On connaît le Doisneau du Paris populaire avec ses enfants qui jouent dans la rue, celui des amoureux avec le baiser de l’Hôtel de Ville, le poète de la rue avec ses marchandes de quatre saisons, ses forts des halles... On connaît aussi le Doisneau qui a travaillé au département publicitaire de la régie Renault et qui s’est fait renvoyé pour ses retards répétés. On découvre ici un Doisneau inconnu, un Doisneau "la science", qui nous entraîne dans les laboratoires des époux Joliot-Curie. En réalité, il répond à des commandes qui lui ont été passées entre 1942 et 1956.

La première de ces commandes a pour objectif d’illustrer un livre qui doit mettre en avant l’excellence française. Les époux Joliot-Curie ont reçu le prix Nobel en 1935, moment d’effervescence dan les milieux scientifiques et projets ambitieux dans les esprits des chercheurs. Le fait que Doisneau partage les mêmes idées politiques avec Frédéric et Irène, facilite leurs rapports. Irène Curie est la fille de Marie Curie, elle sera quelques mois, sous-secrétaire d’Etat à la recherche scientifique dans le gouvernement du Front Populaire. Alors que les femmes n’ont pas encore le droit de vote, elle est décrite comme une femme très réservée. Doisneau a toujours pris les époux Jolio-Curi séparément. Henri Cartier-Bresson lui, fera le portrait des deux époux l’un à coté de l’autre. Les conditions de cette prise de vue sont mémorables. Cartier-Bresson raconte, peu fier, qu’il a frappé à leur porte et quand ils sont apparus, il leur a dit qu’il venait pour la photo : il a pris ses clichés en coup de vent et est parti en leur disant à peine au revoir. Leur timidité l’avait rendu très mal à l’aise, au point d’en être impoli.

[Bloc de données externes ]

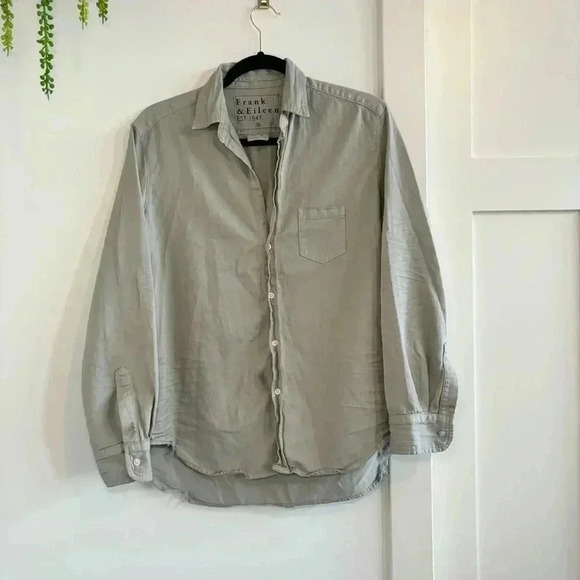 Frank & Eileen Tops - Frank & Eileen 100% Cotton Woven in Italy “Eileen”ButtonDown Size Small RN117409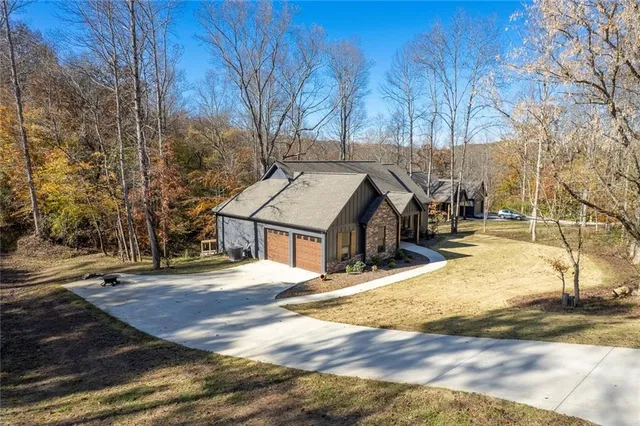 $645,000 | 1433 Whitestone Road, Talking Rock, GA 30175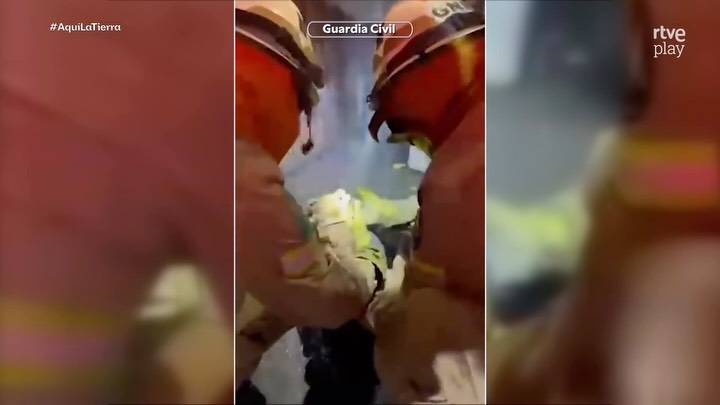 La UME salva a una ternera de las llamas y la refresca con su manguera
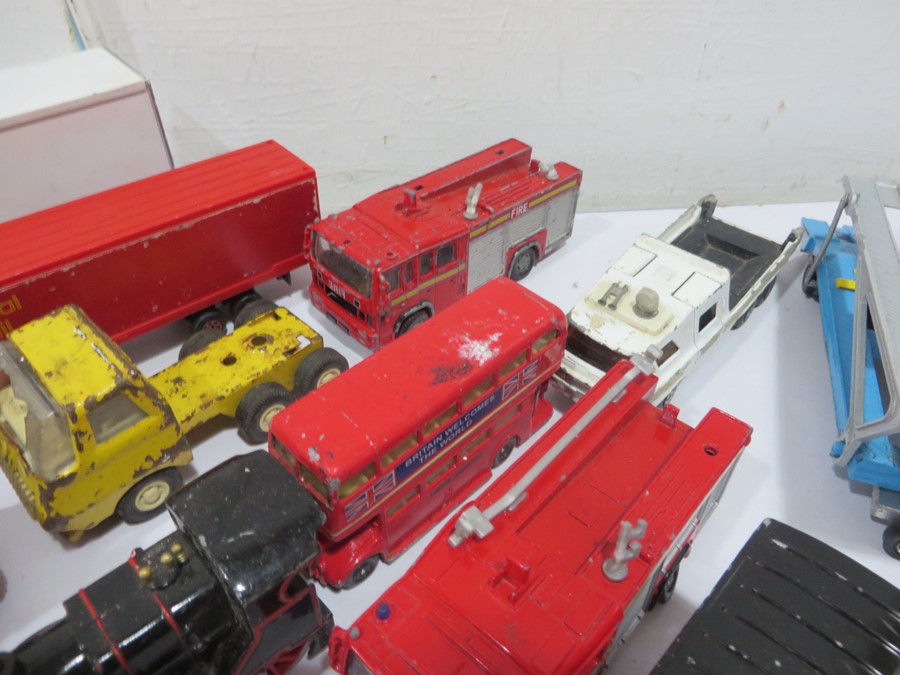 A collection of various diecast vehicles including Corgi, Tonka etc - Image 27 of 32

Avec ce premier reportage Doisneau nous plonge dans un univers extravagant. On sent le plaisir du photographe à collaborer à ce projet Il s’agit d’un monde de science fiction que l’on imagine plus proche de celui du savant fou que de celui de véritables chercheurs, le nom qui caractérise cette époque fait sourire en l’évoquant : "la Big Science". L’idée de construire un cyclotron émerge en 1936 en plein Front Populaire, il sera mis en service en 1942, en pleine occupation. Dès sa mise en service, cet instrument monumental sera déjà dépassé par rapport à ce qui se faisait aux Etats-Unis. Il restera en fonction jusqu’à la fin des années 50, pour être démonté en 1958.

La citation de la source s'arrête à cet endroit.